However, at low l , the fundamental modes exhibit some Stonely wave behavior and thus

are sensitive to structure near the CMB but are still observed (Figure 2). Thus, it is

mainly these low harmonic degree, low overtone index modes that provide constraints on

the radial velocity and density structure near the CMB.

The modes shown in Figure 2 are mainly sensitive to structure on the mantle side

of the core-mantle boundary, however a tiny fraction of the 0S2

shear energy is in the

inner core and a small amount of 0S4

compressional energy is present in the top of outer

core. It is this leakage of energy that makes it difficult for normal modes to constrain the

one-dimensional velocity and density structure at the core-mantle boundary.
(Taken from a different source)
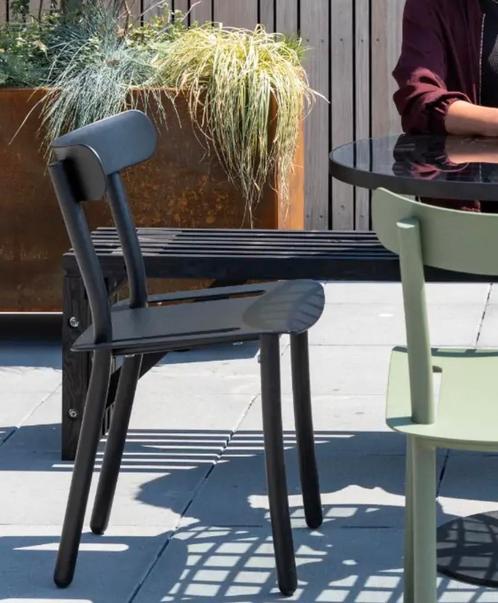 Nieuw | Zuiver Friday Tuinstoelen | Set van 2 | Grey |, Tuin en Terras, Tuinstoelen, Nieuw, Aluminium, Stapelbaar, Ophalen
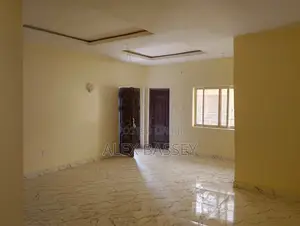 3bdrm Block of Flats in Idu Industrial for rent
Figure 3

shows the ability of the normal mode structure coefficients compiled by Masters et al.

[2000b] to resolve shear velocity (top), compressional velocity (middle), and density

(bottom) structure throughout the mantle. The width of the resolution kernel as function

of radius in the mantle is plotted for perturbations of 0.1%, 2%, and 5%. The width of

the resolved velocity and density perturbations decreases as the uncertainty increases.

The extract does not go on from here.